The Rundown, to me, always got easily confused with another Rock vehicle, Walking Tall. They came out around the same time–about within a year of each other–and they each co-starred a future Duke Boy: Sean William Scott in The Rundown; Johnny Knoxville in Walking Tall. That’s a strange coincidence, I guess, and part of me hopes Rocky got their agents together to make The Dukes Of Hazard re-imagining happen.
In The Rundown, Rock stars as Beck, a mercenary who dreams of putting his hard-knock life behind him and opening a restaurant. After an opening segment where he takes down a college NCAA star quarterback who has racked up gambling debts, Beck makes a deal with his boss: he will grab the boss’ son and return him home in exchange for a big enough payday to leave this life behind.

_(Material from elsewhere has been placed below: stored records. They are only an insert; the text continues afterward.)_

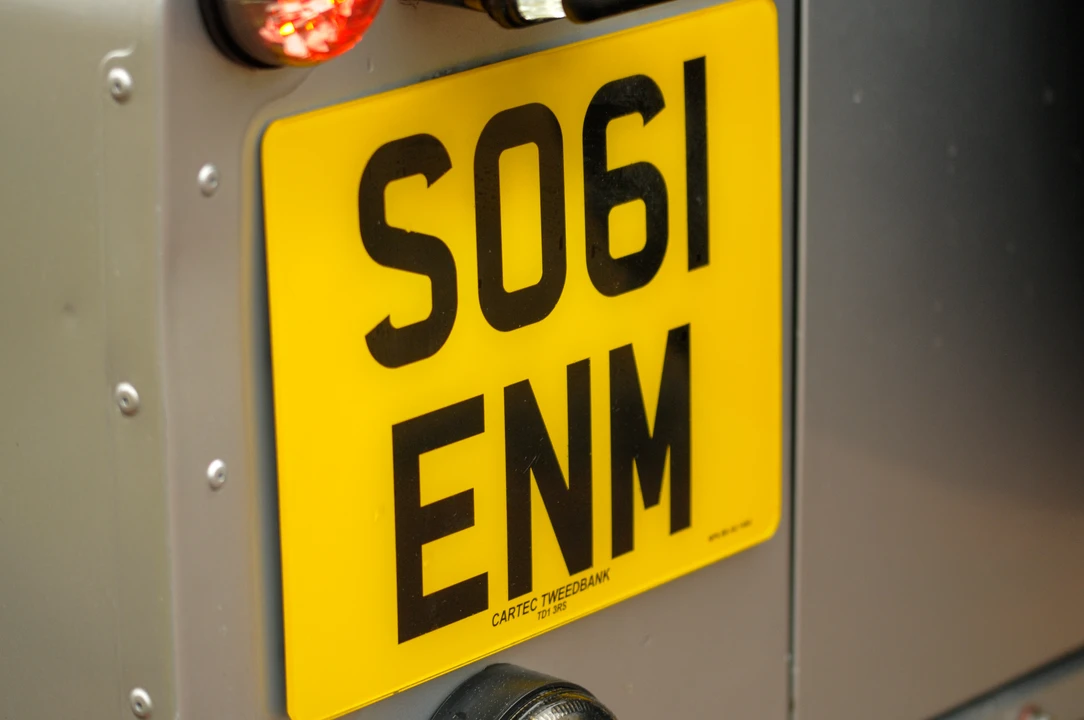 2011 Land Rover Defender 90 - Image 21 of 31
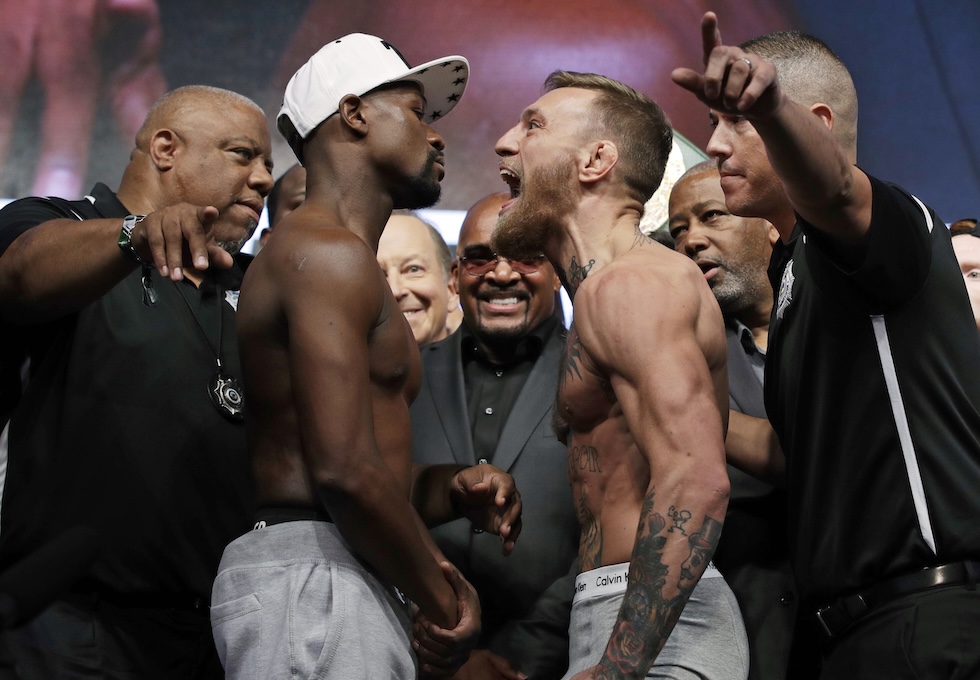 Mayweather e McGregor durante il face off prima dell'incontro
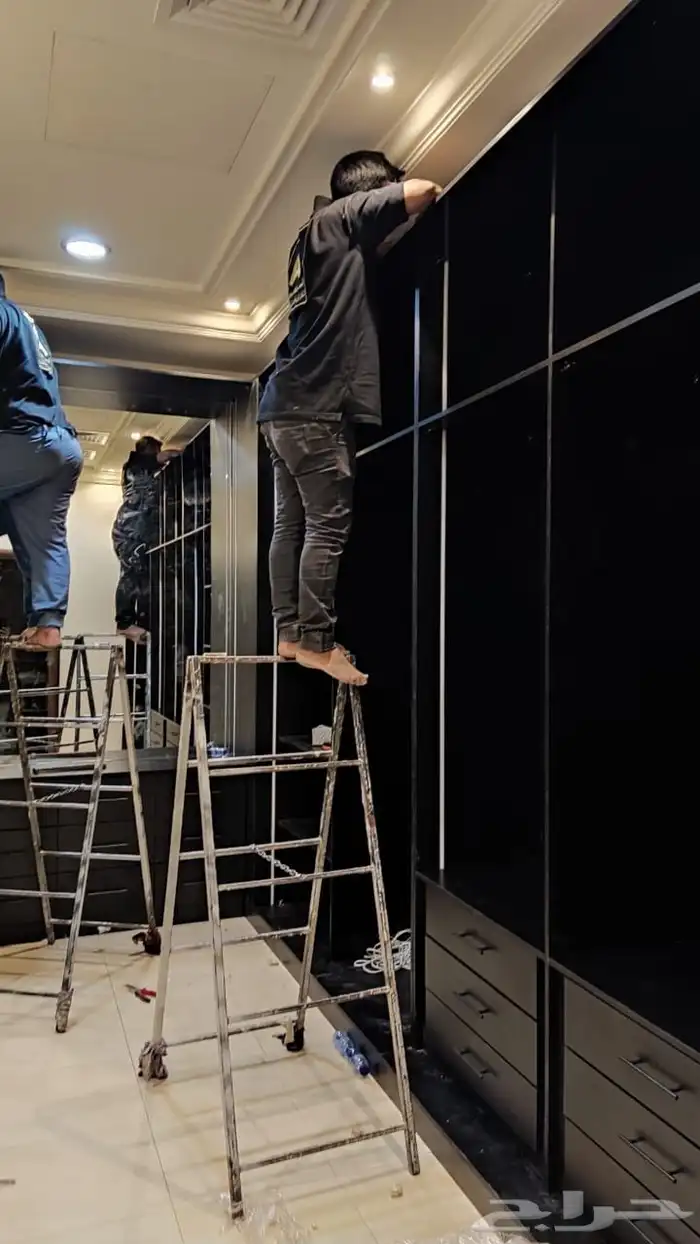 متخصصين فى اعمال الديكورات الخشبيه والاثاث 1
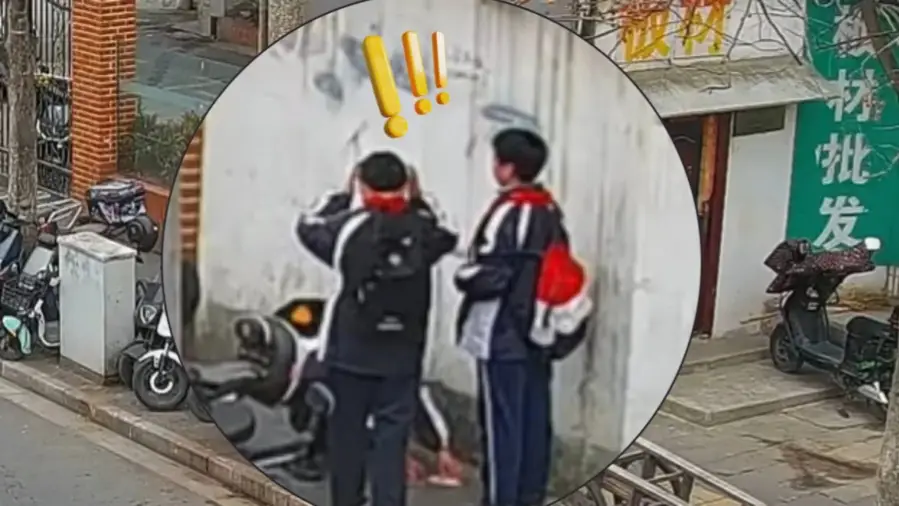 路邊驚現(xiàn)一沓百元大鈔，被楊浦區(qū)國(guó)和中學(xué)的三名初中生看到了……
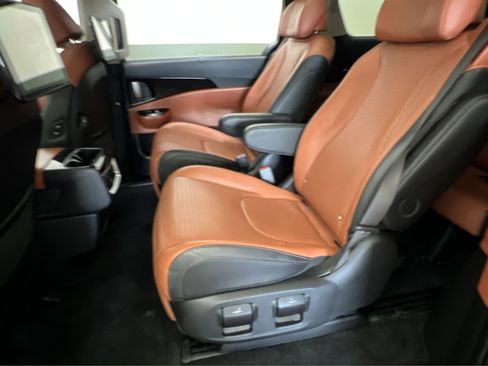 Used 2024 Kia Carnival SX Prestige FWD image 24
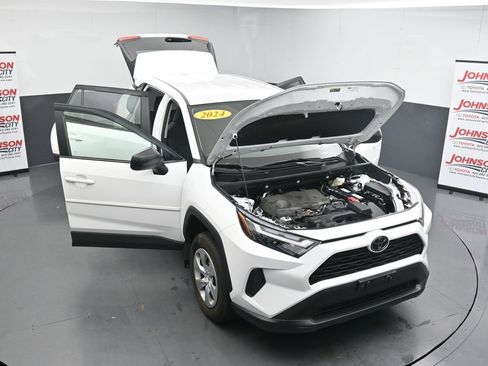 Used 2024 Toyota RAV4 LE FWD image 40
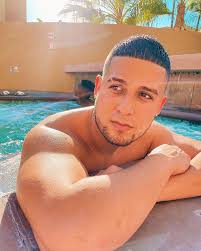 Adriel Diaz (@adrieldiaz) • Instagram photos and videos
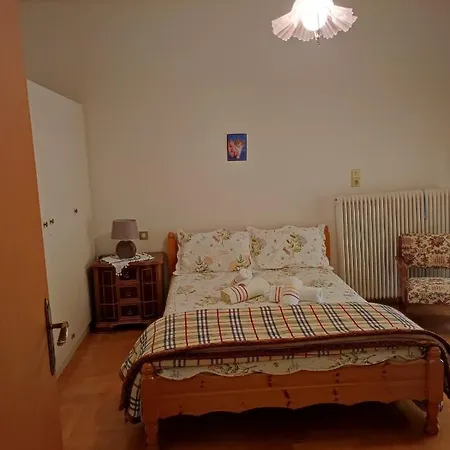 Apartment With A View Of Meteora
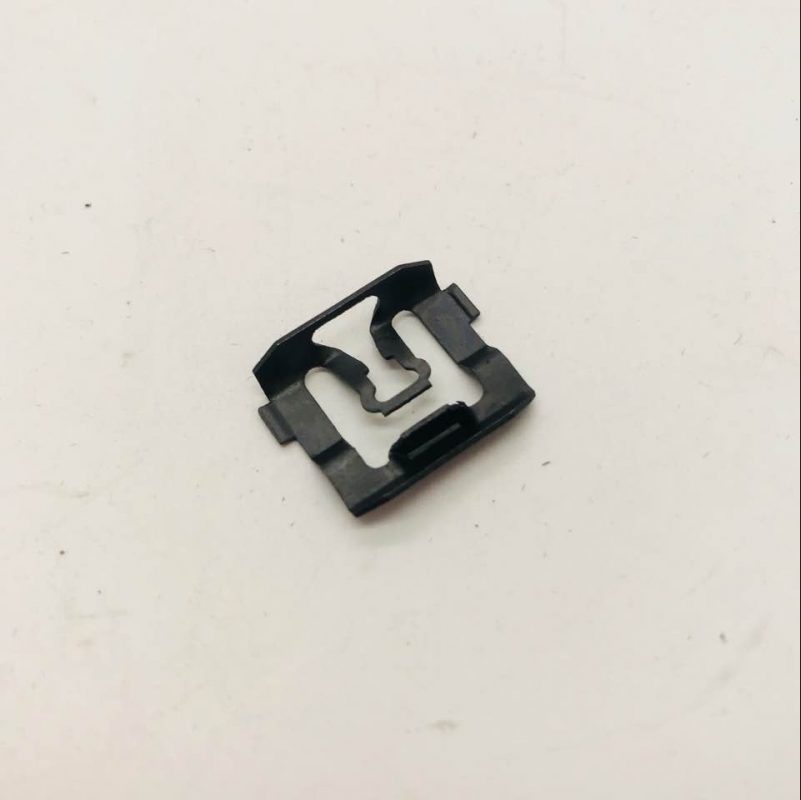 CLIP WINDSCREEN MOULD RETAINER XR-C - EACH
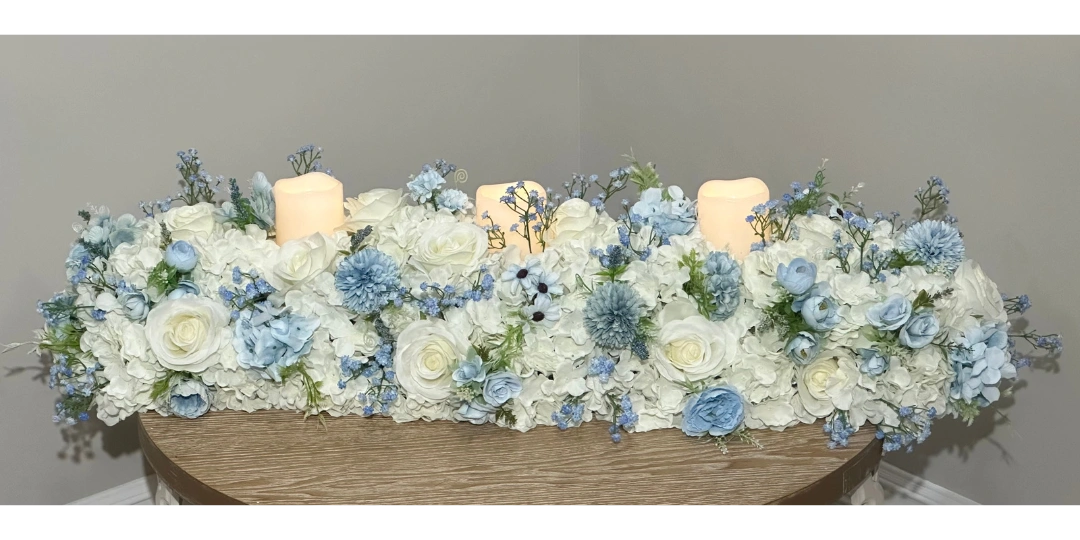 Sweetheart table.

The son, Travis, is played by Scott, in all his shit-eating-grinning glory. He is a college dropout in the Amazon looking for a gold statue and all the wealth and fame that will come with being the man who recovered it. Unfortunately, the land on which it likely resides seems to belong to a gold mine baron with a propensity for violence and exploitation of his workers.
When Beck gets to South America, the hunt for Travis is on. But even if he finds his target, will they be able to leave the jungle alive?
TWO UPS AND TWO DOWNS
+ I enjoy both some classic Rocky and some Sean William Scott, so I had a good enough time with this one. Each actor has plenty of charisma to spare and they earn their time on screen. On paper, it seems like a great pairing. However, they don’t really have great chemistry, honestly, and it feels like they are acting against each other rather than with one another. It’s hard to explain, but they each feel like they are trying to get their stuff in rather than blending together as a unit. But they are still fun and each get some noteworthy moments and lines. It just feels a bit like a missed opportunity to be even better.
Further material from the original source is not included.